En los tiempos en que vivimos se puede, a lo sumo, entender y “catalogar” la ideología “de la autonomía de lo político” más allá de su verbosidad metafísica y su carga autoritaria, si hubiera calado en el terreno de la lucha de “los grupos políticos”, entre burócratas profesionalizados y políticos profesionales, por el control y el reparto de la máquina del Estado. Si hubiera sido asumida, en suma, como uno de los momentos “provincianos” de la historia separada de los intelectuales italianos, en tanto que capa. Como una de tantas variantes de provinciales de la ideología tecnocrática.            

Sin embargo, lo que nos interesa subrayar es, una vez más, su promiscuidad con una cierta involución de la cultura política de la izquierda italiana de finales de los setenta, incluso en el momento en que se dibuja, tanto en Europa como en los Estados Unidos, la contraofensiva triunfadora de la derecha neoliberal y autoritaria.

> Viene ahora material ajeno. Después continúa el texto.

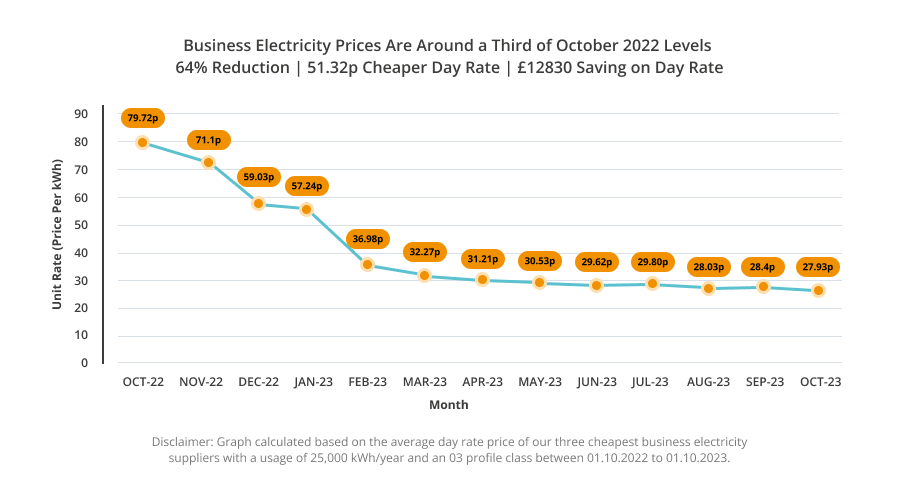 Business Energy Unit Rates October 2022 To October 2023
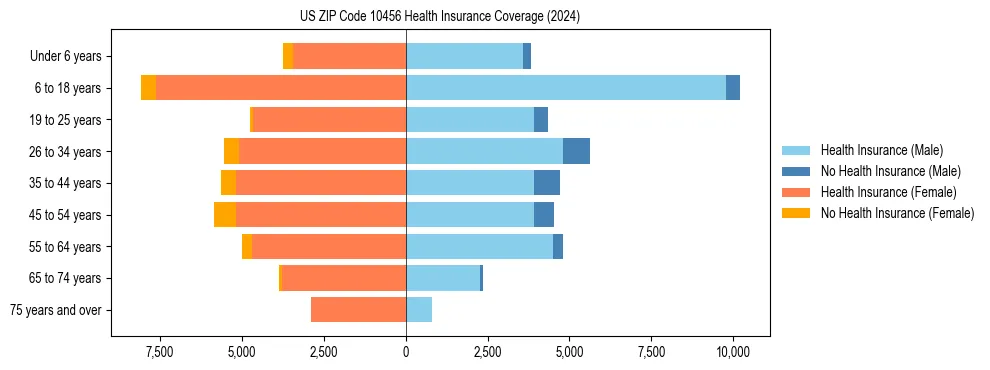 Health insurance pyramid for US ZIP Code 10456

No me refiero sólo a los límites del proyecto, aun así inspirado en la salvaguarda de una perspectiva democrática, la del “compromiso histórico”, sin que, al mismo tiempo, emergiese desde las filas de la izquierda un proyecto reformador orgánico que diese razones y sentido a un nuevo compromiso social, más allá de las genéricas referencias a una modernización del Estado y a una redimensión de las rentas parasitarias. Como si estas últimas correspondiesen a una capa social distinta y contrapuesta al de los empresarios. Me refiero también a los generosos intentos que ha llevado a cabo  la izquierda italiana  de tomar en consideración la remoción de los vínculos que condicionaban la realización de una política de reformas y ampliación de los derechos sociales. Tales como  la de contener la inflación; racionalizar el gasto público; redistribuir la carga fiscal con criterios de eficiencia y equidad; hacer frente a los contragolpes de las dos crisis petrolíferas, que tuvieron una incidencia particularmente relevante en una economía sobreexpuesta en el plano internacional como lo es la italiana. Se trataba, sin duda alguna, de preocupaciones válidas y de intentos serios de poner las premisas de una propuesta de gobierno, saliendo de una lógica de oposición prejuiciada ante cualquier tipo de medidas económicas gubernativas y de enroque defensivo frente a las transformaciones del capitalismo. La política de austeridad, basada en criterios de equidad y rigor –sostenida con poco éxito por Enrico Berlinguer-- y la misma orientación sindical, definida en la Conferencia del EUR de contención de la inflación y el déficit público, de moderación salarial y salvaguarda de las perspectivas de crecimiento del empleo tuvieron esta impronta.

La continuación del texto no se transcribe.